TriX wrote:
“Supercomputers” are often used for modeling, and the models can run for hours or days. To prevent losing the entire run (which can be VERY expensive on a big machine) in the event of a crash, periodically main memory (which can be a petabyte or more) is dumped to disk in a “checkpoint” operation, and the machine can do nothing until that process is completed. Some years ago scientists at Lawrence Livermore National Labs we’re reporting data from long running models where there are many checkpoints, that was simply wrong. It was finally determined that when the checkpoints were reviewed, the data on disk was correct, but was being corrupted by the occasional flipped bit in the disk read cache due to the particles from cosmic rays, which are constantly bombarding us. Over a zillion iterations, it was enough to skew the data. The answer was to design storage with parity checking on both reads and writes. Occasional flipped bits happen all the time in semiconductor memory, but in more “normal” usage, it is rarely if ever noticed unless there are lots of operations. That’s why ECC DRAM, which costs extra, is often used in servers with heavy use, but rarely seen in client machines.

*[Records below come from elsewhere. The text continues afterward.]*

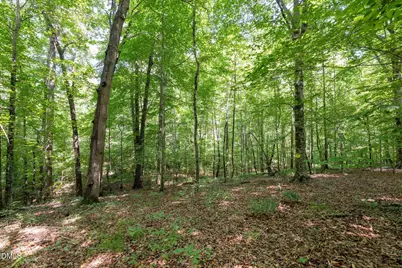 6910 Long Meadow Lane, Whitsett, NC 27377 - Photo 6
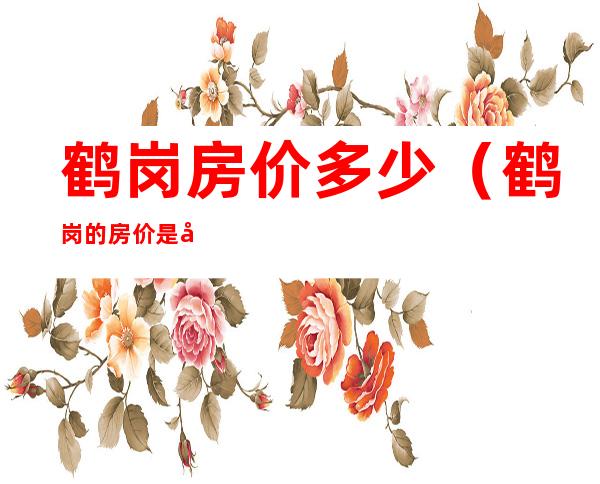 鹤岗房价多少(鹤岗的房价是多少)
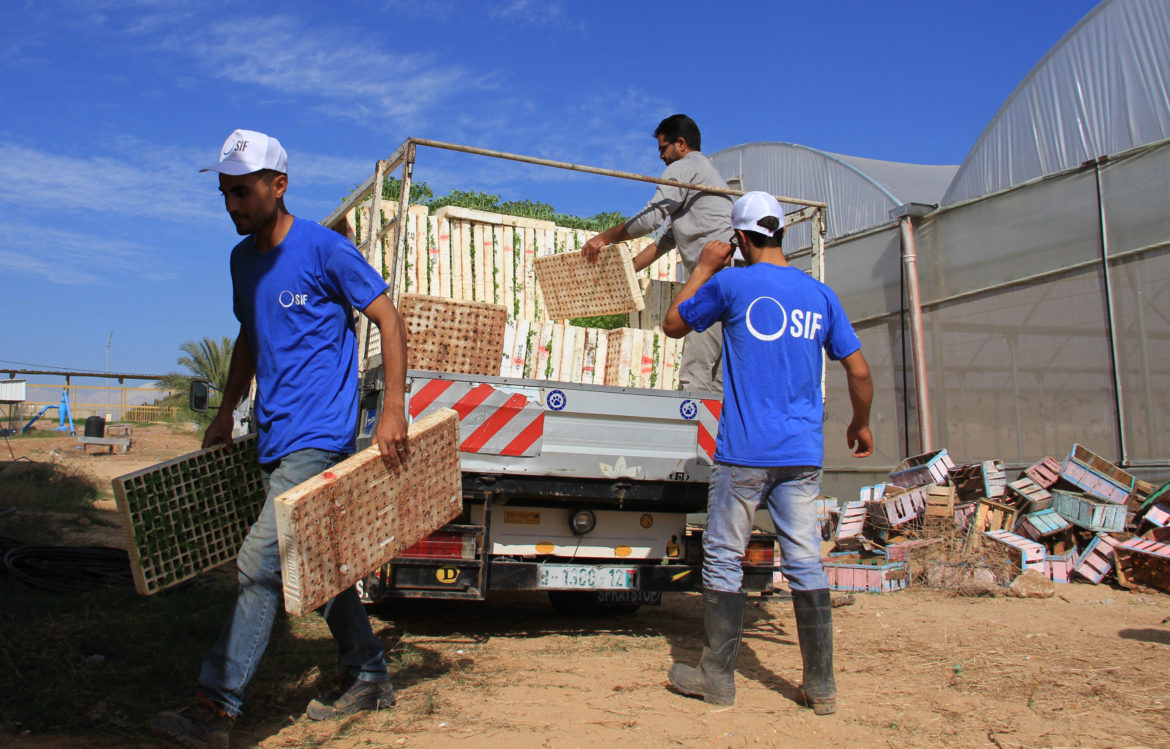 Le SIF conduit des projets de développement agricole avec de petits fermiers en partenariat avec l’université de d’Al Azhar Gaza.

“Supercomputers” are often used for modeling, and ... (
show quote)
Parity bits predated the supercomputers. They were used on mag tapes in 1951 because flaking of the oxide layer of the tapes was very common.
The first Cray computers were all about speed and did not have parity checking. Seymour Cray said that the people who used the machines would be able to see if the results were incorrect, rerun the jobs that had errors, and get the answers faster than they would if error correction were in use. The users reaction was to run jobs three times and accept answers that occurred more than once.